_Entries shown_

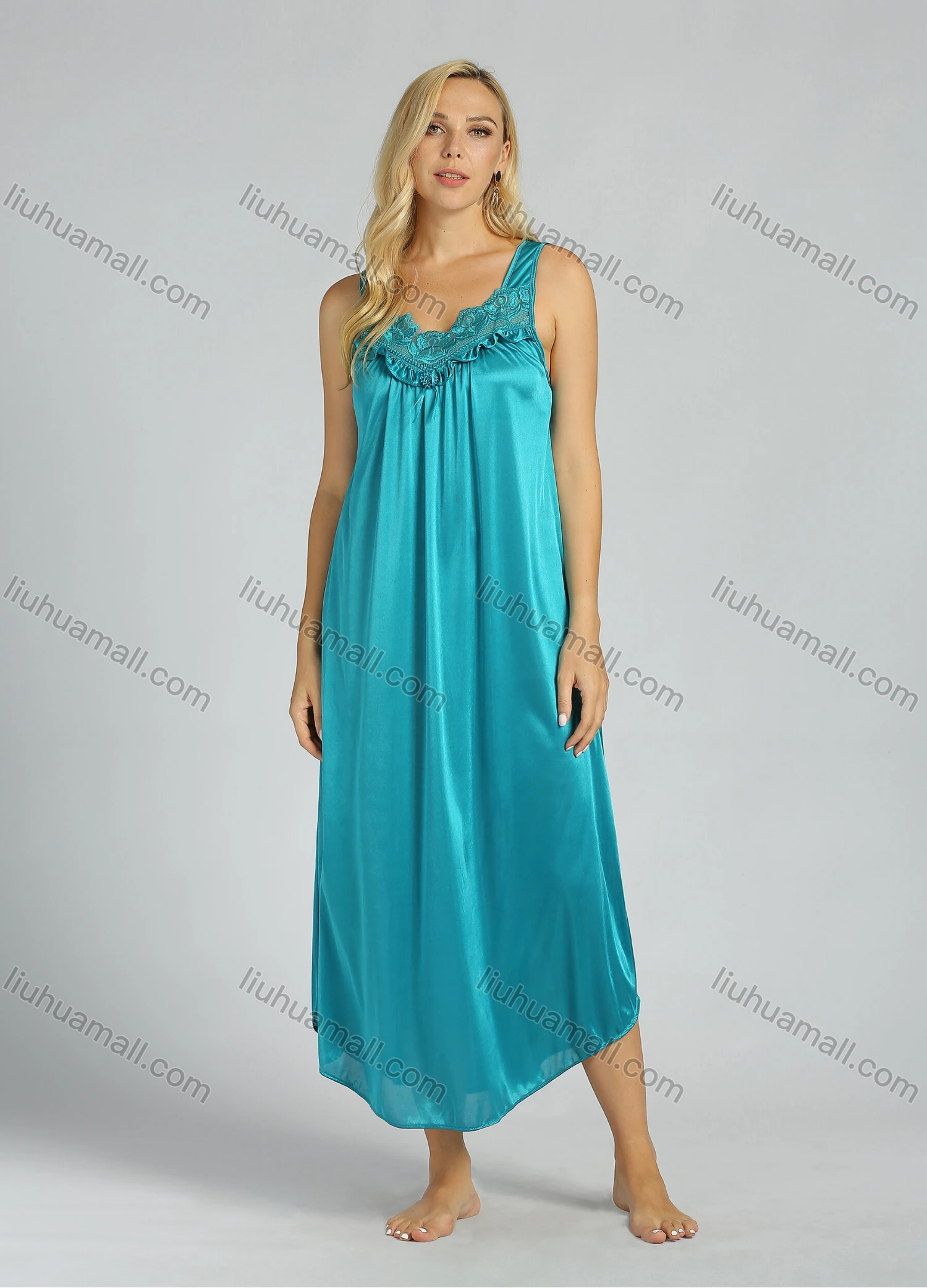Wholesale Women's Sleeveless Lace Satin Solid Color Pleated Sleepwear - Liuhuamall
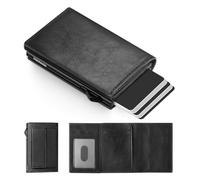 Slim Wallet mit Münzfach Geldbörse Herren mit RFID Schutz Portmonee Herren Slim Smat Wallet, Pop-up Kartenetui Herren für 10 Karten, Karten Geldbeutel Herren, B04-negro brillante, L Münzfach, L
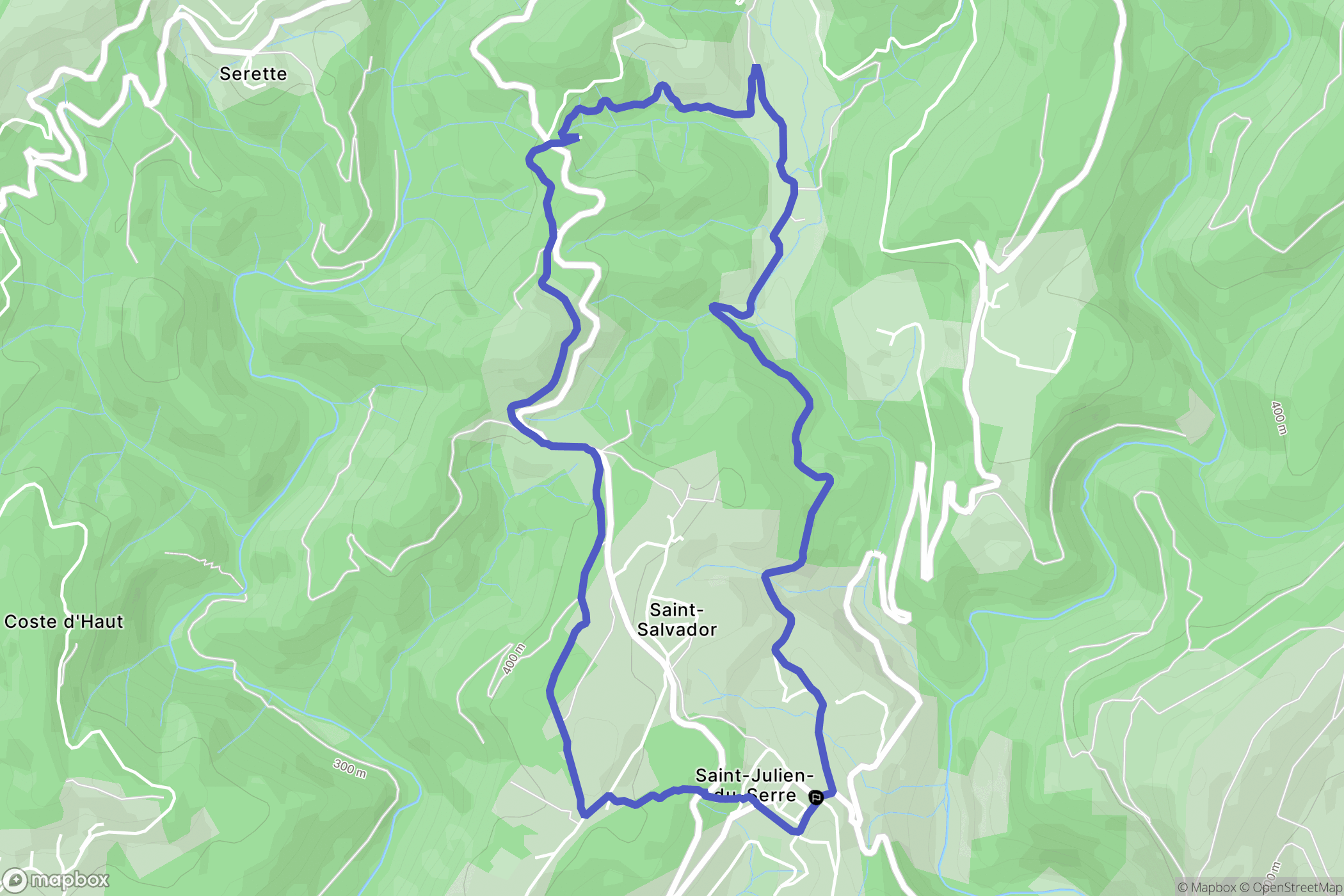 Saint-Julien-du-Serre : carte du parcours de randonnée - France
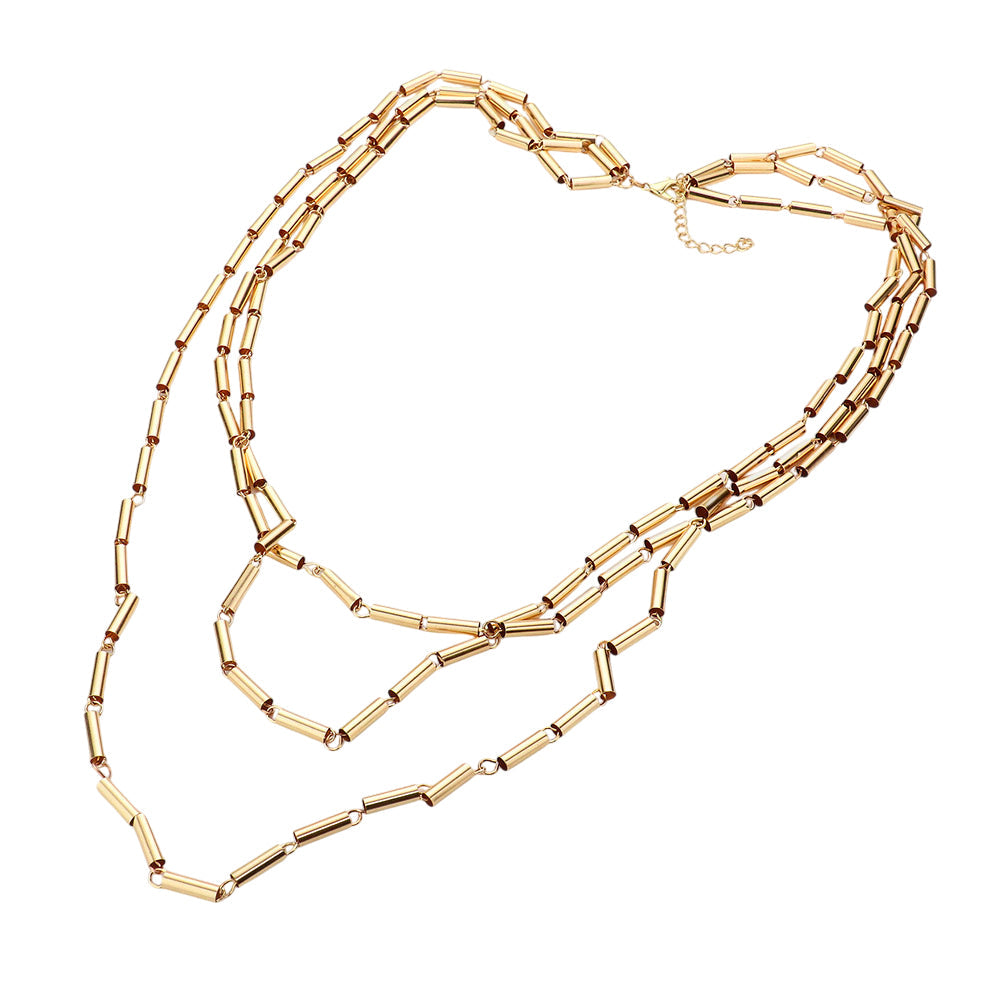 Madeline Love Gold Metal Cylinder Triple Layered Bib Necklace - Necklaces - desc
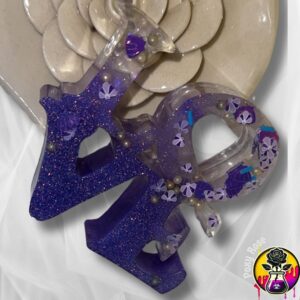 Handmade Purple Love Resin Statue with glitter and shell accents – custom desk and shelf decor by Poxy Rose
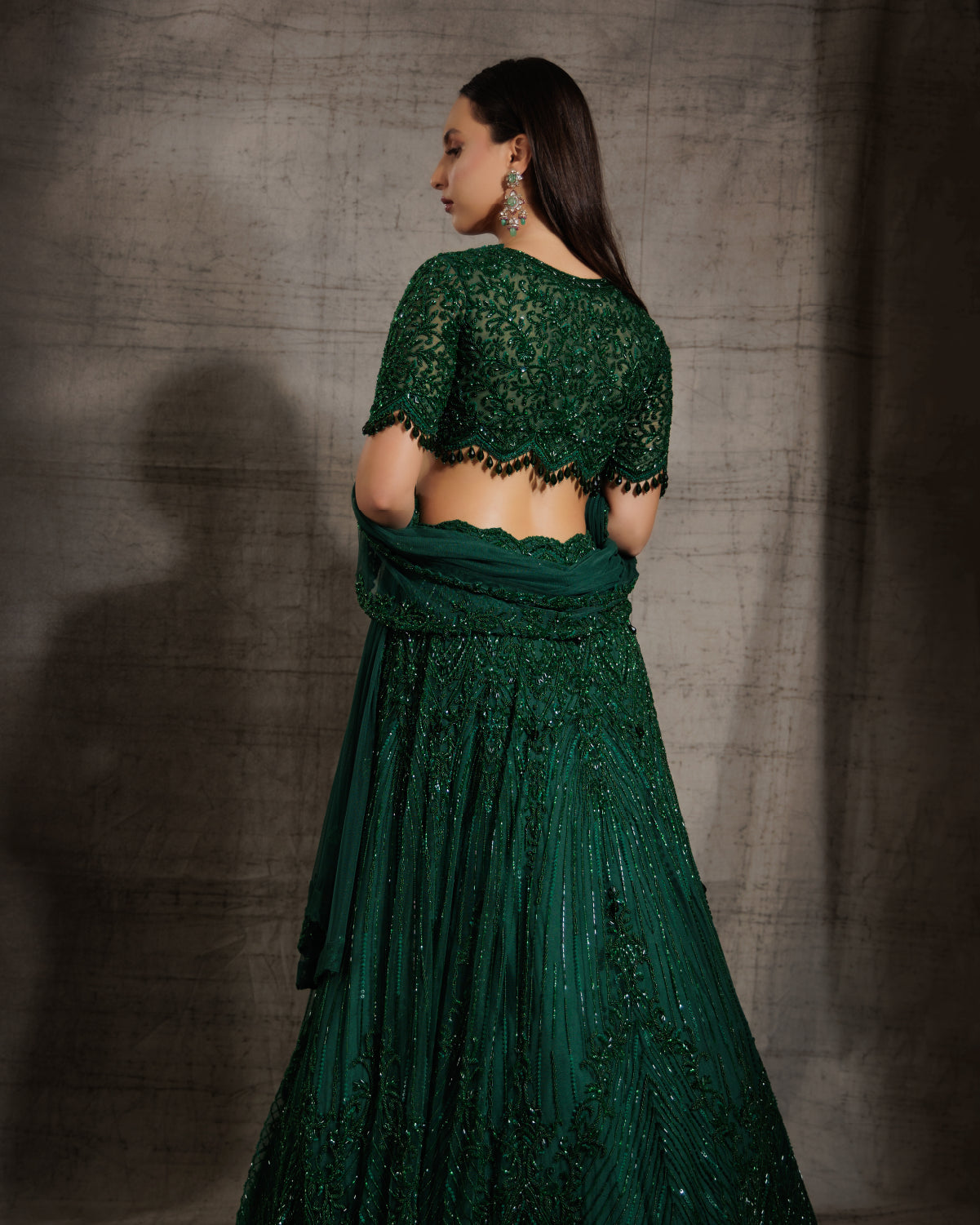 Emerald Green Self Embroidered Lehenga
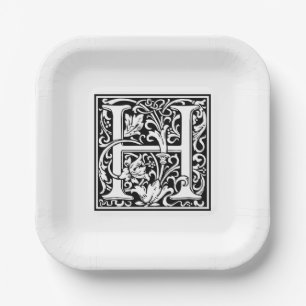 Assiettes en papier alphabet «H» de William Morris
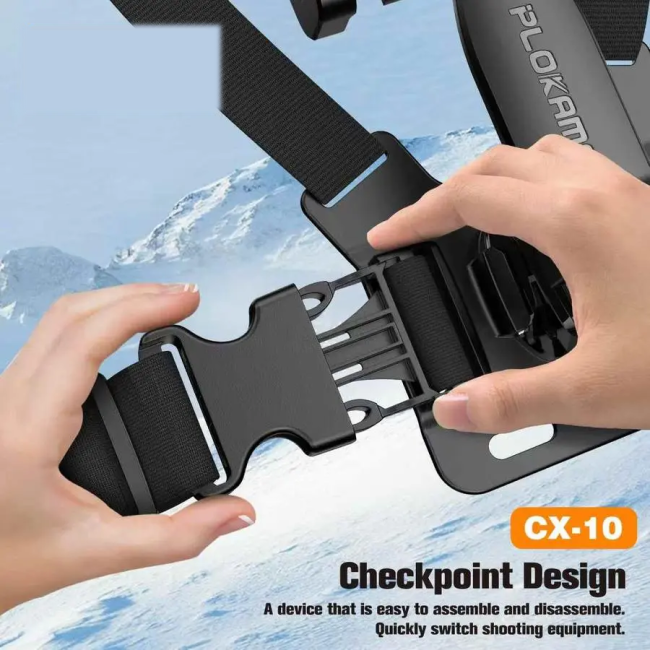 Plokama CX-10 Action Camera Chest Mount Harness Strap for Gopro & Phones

_Exercise details_
Output exactly the lines from the one containing "Assiettes en papier" through the last line of the records above, both included, and leave out the pictures.

_Answer space_
 Assiettes en papier alphabet «H» de William Morris
 Plokama CX-10 Action Camera Chest Mount Harness Strap for Gopro & Phones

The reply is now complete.